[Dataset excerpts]
***

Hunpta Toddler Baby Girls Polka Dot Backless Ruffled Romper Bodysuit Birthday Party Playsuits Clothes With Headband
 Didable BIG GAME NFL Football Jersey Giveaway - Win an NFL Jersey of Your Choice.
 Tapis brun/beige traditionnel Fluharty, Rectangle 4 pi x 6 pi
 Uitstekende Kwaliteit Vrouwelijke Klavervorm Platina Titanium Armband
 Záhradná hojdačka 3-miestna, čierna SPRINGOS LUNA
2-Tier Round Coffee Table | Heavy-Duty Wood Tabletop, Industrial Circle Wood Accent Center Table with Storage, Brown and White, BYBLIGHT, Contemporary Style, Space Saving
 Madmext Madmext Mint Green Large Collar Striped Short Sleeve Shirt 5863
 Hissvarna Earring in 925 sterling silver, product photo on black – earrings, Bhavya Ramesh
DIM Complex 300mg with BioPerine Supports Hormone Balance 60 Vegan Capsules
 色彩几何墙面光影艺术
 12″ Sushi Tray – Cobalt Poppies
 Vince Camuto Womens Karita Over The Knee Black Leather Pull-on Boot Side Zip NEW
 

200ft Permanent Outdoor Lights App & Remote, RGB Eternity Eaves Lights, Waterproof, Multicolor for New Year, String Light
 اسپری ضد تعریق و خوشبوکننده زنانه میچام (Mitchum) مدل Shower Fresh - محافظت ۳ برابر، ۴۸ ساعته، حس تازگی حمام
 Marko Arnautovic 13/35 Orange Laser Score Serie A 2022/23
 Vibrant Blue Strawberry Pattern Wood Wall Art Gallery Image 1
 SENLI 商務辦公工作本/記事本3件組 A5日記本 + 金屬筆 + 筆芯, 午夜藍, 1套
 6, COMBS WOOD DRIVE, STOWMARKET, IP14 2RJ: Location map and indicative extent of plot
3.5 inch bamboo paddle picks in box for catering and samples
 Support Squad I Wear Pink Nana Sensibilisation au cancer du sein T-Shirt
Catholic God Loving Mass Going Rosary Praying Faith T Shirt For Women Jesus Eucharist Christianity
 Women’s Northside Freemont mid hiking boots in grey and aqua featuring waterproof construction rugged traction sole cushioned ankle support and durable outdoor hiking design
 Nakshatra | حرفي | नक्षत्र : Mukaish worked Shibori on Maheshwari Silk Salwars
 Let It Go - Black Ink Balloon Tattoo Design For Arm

***

# Problem description
Only the lines from the one that holds "Women’s Northside Freemont" through the end of the records should appear in the answer, each restated exactly.

# Answer to this task
 Women’s Northside Freemont mid hiking boots in grey and aqua featuring waterproof construction rugged traction sole cushioned ankle support and durable outdoor hiking design
 Nakshatra | حرفي | नक्षत्र : Mukaish worked Shibori on Maheshwari Silk Salwars
 Let It Go - Black Ink Balloon Tattoo Design For Arm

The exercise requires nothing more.